▶ _Exercise description_:
Down to the last line below, write out every line exactly, starting with the one that contains "A styled interior" and leaving out the pictures.

▶ _Data records_:
------------------------------------------------------------------------

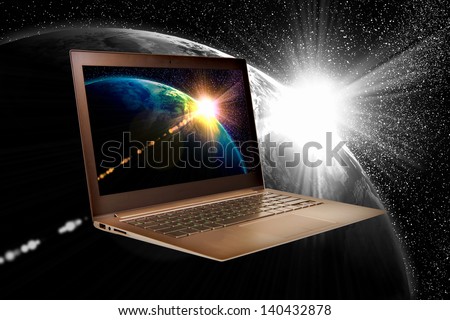 Notebook with our planet earth against black background with globe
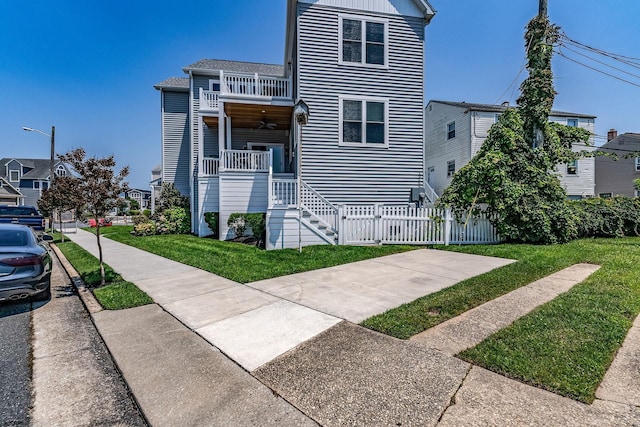 townhome / multi-family property with a balcony, covered porch, and a front lawn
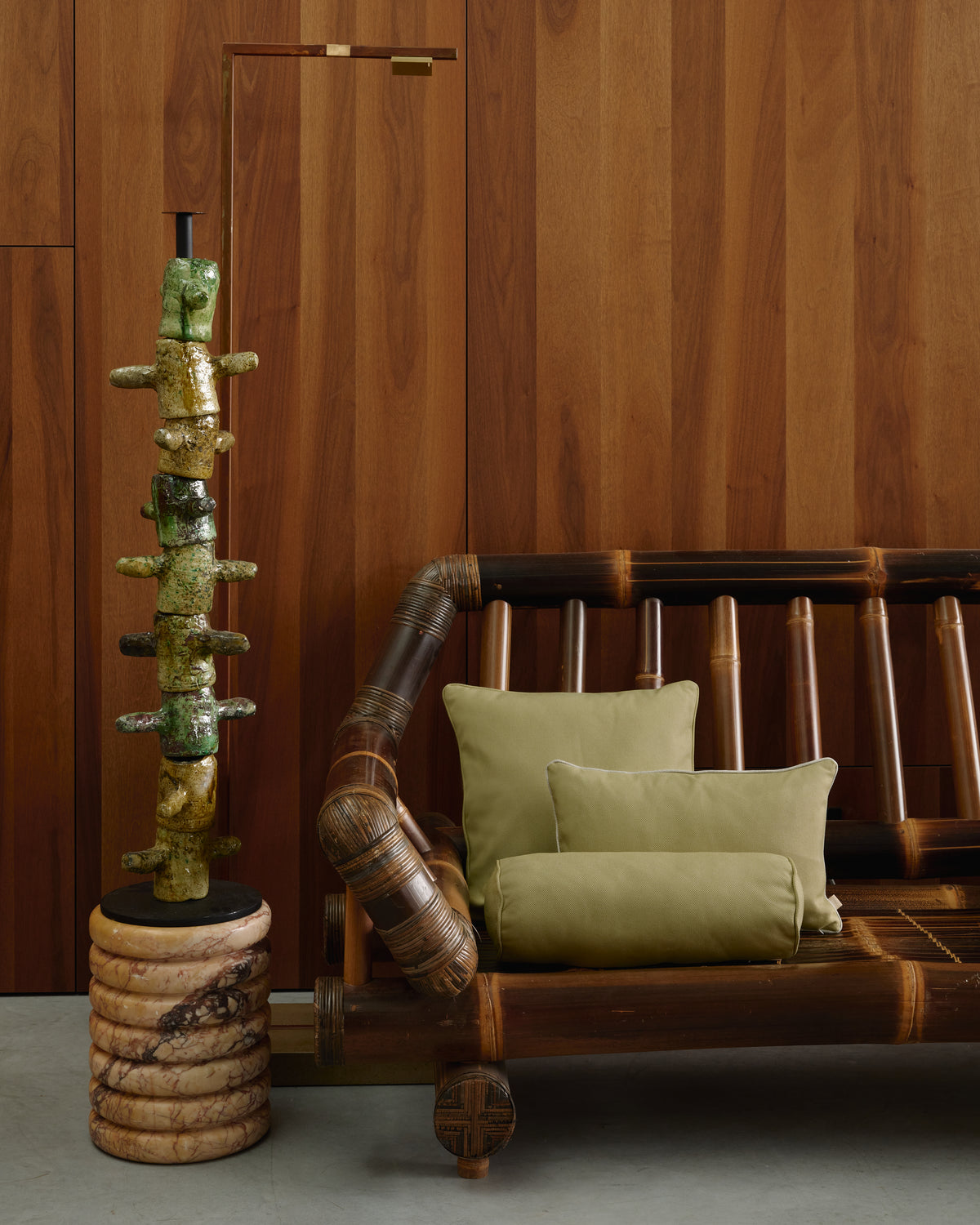 A styled interior scene with a dark wood rattan sofa adorned with olive green pillows, set against a matching wood-paneled wall. To the left stands a tall, decorative ceramic totem sculpture on a carved stone base.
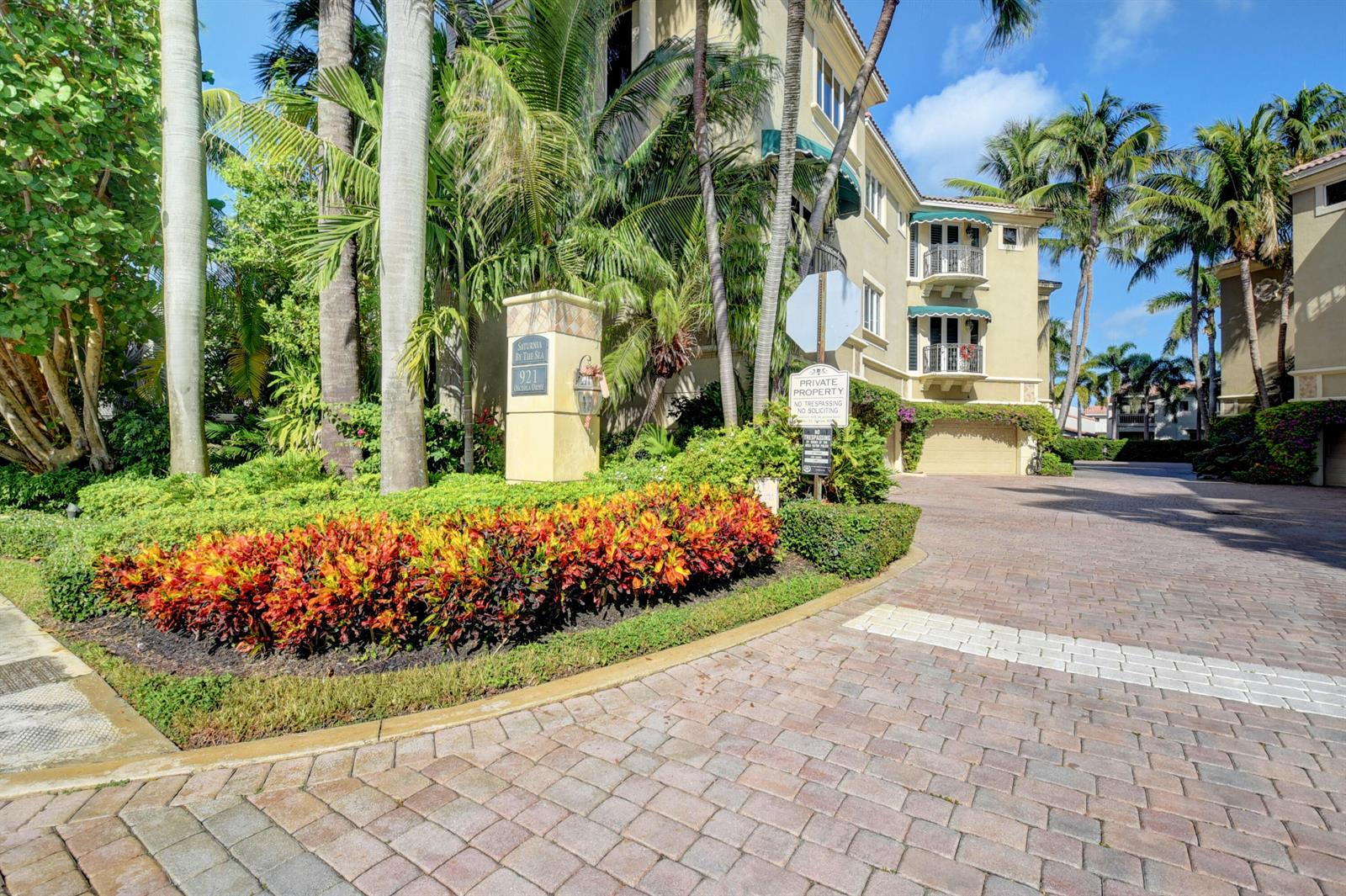 A paved driveway leads to a multi-story residential building surrounded by palm trees and landscaping — 921 Osceola Drive Unit 4, Boca Raton FL 33432, BOCA RATON, FL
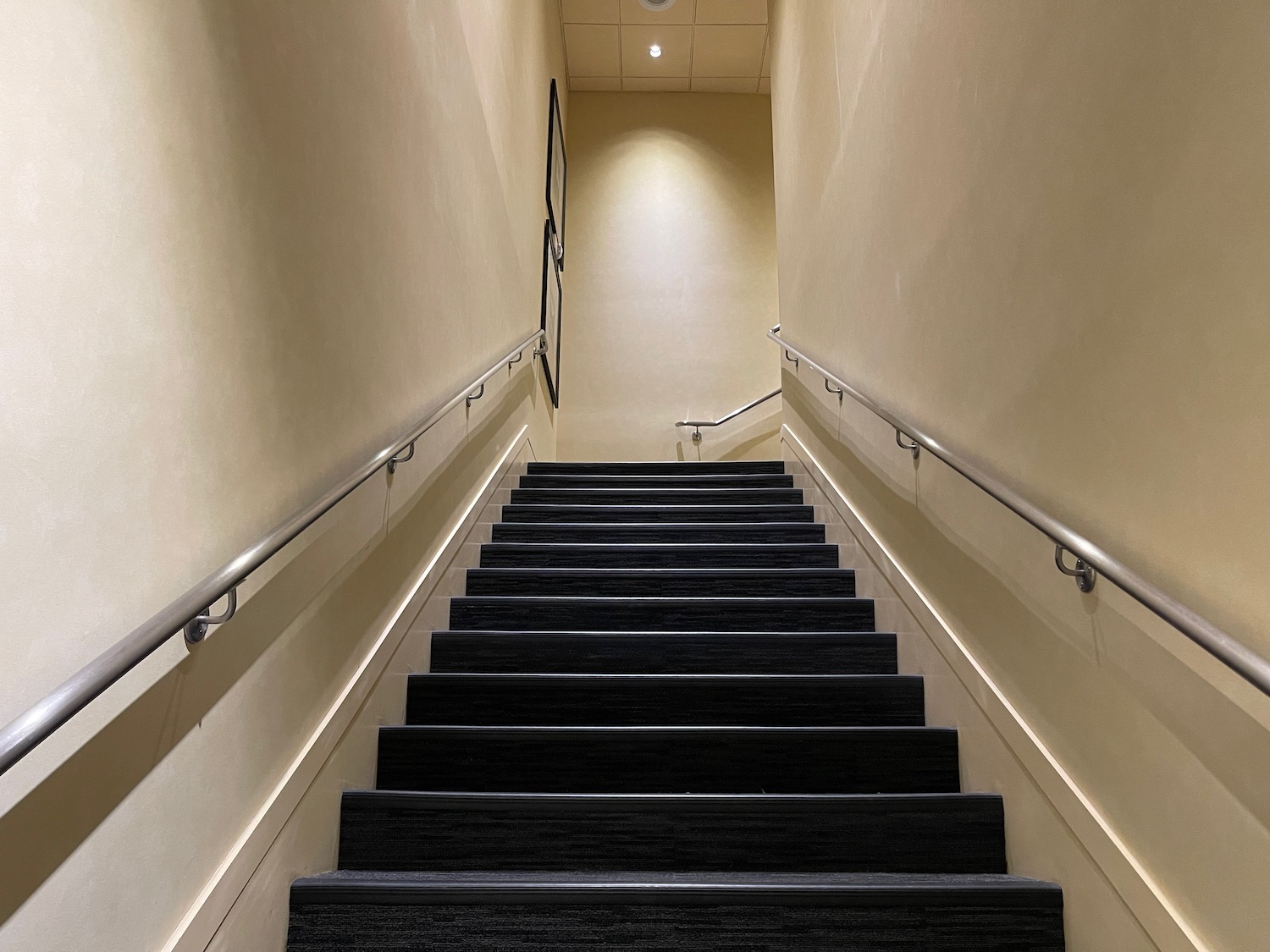 a staircase with handrails and a light on the wall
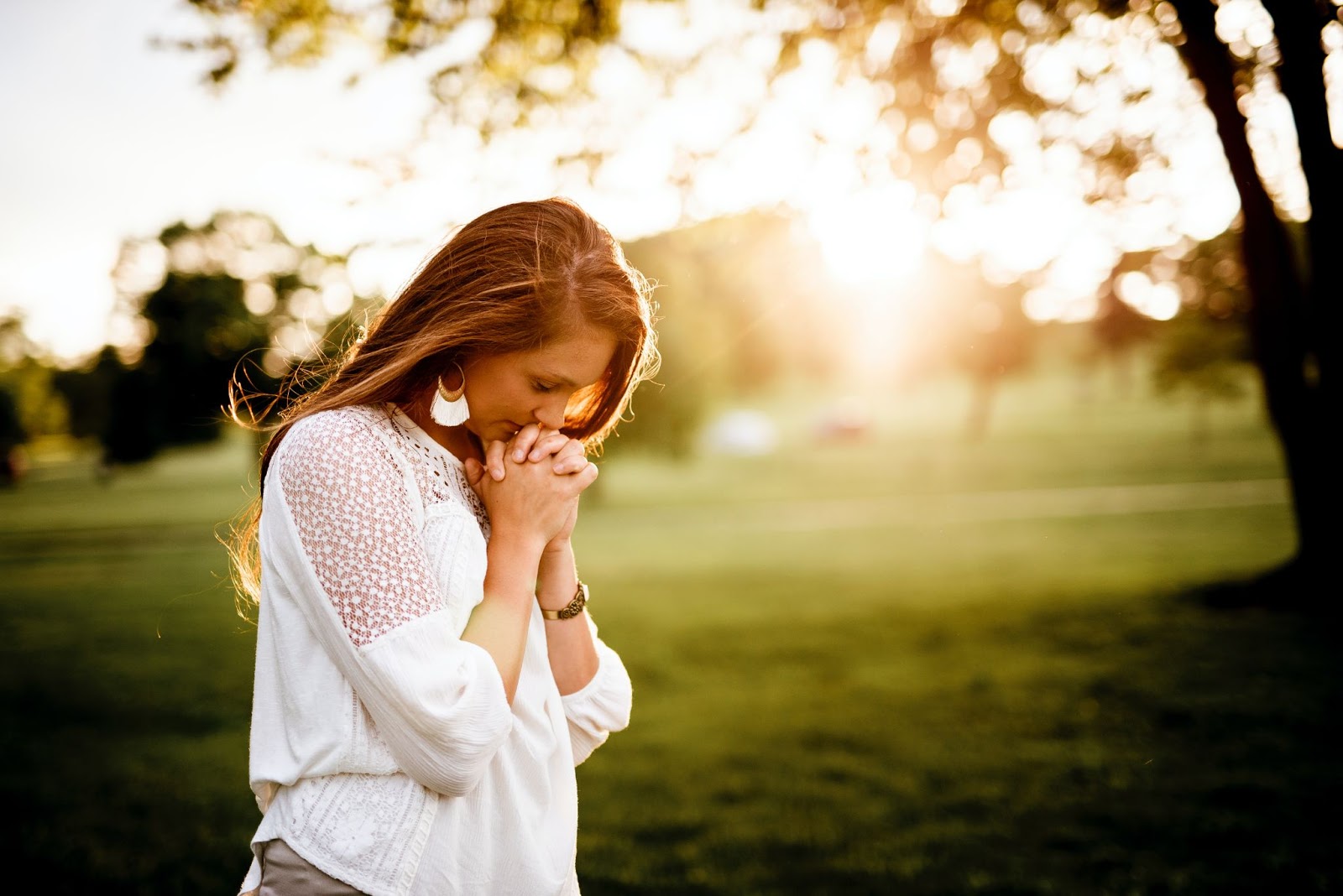 Woman praying outside with her head bowed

------------------------------------------------------------------------

▶ _Your solution_:
 A styled interior scene with a dark wood rattan sofa adorned with olive green pillows, set against a matching wood-paneled wall. To the left stands a tall, decorative ceramic totem sculpture on a carved stone base.
 A paved driveway leads to a multi-story residential building surrounded by palm trees and landscaping — 921 Osceola Drive Unit 4, Boca Raton FL 33432, BOCA RATON, FL
 a staircase with handrails and a light on the wall
 Woman praying outside with her head bowed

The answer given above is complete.